The answer should be an exact repeat of the stretch of material below from the line containing "Used 2019 Jeep" through the line containing "2015 JEEP WRANGLER U - Image 3".

■ **DATASET**:

....................

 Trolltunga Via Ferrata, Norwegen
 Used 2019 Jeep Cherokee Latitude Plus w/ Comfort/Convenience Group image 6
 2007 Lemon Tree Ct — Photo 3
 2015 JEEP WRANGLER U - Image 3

....................

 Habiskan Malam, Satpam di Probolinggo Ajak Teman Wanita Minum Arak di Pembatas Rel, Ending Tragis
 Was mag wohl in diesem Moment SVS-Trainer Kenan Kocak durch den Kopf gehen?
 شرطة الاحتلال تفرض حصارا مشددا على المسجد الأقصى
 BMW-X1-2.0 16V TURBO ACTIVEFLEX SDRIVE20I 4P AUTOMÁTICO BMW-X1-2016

....................

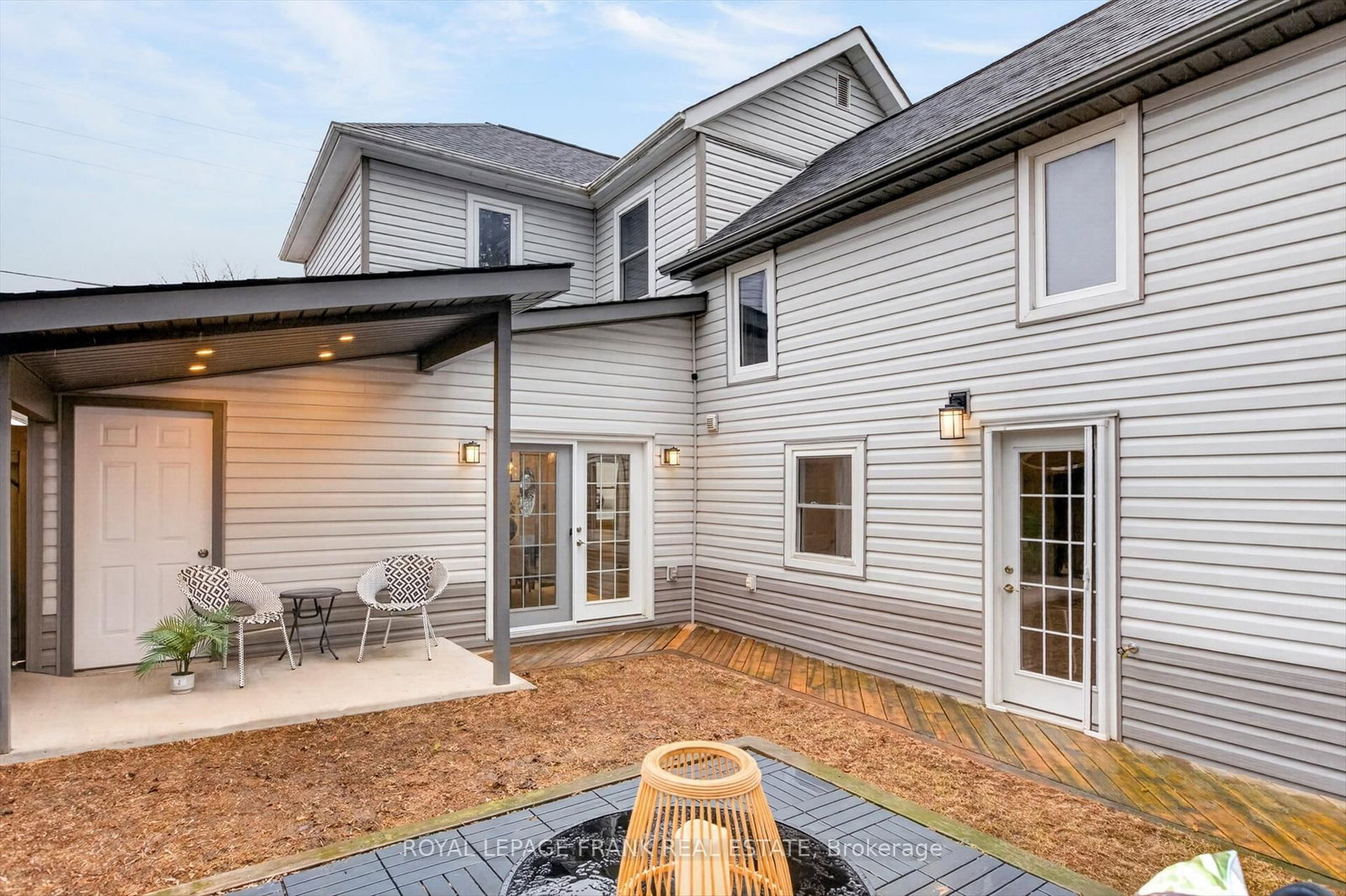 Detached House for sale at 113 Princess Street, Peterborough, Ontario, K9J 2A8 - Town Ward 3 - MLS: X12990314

....................

■ **SOLUTION FOR THIS TASK**:
 Used 2019 Jeep Cherokee Latitude Plus w/ Comfort/Convenience Group image 6
 2007 Lemon Tree Ct — Photo 3
 2015 JEEP WRANGLER U - Image 3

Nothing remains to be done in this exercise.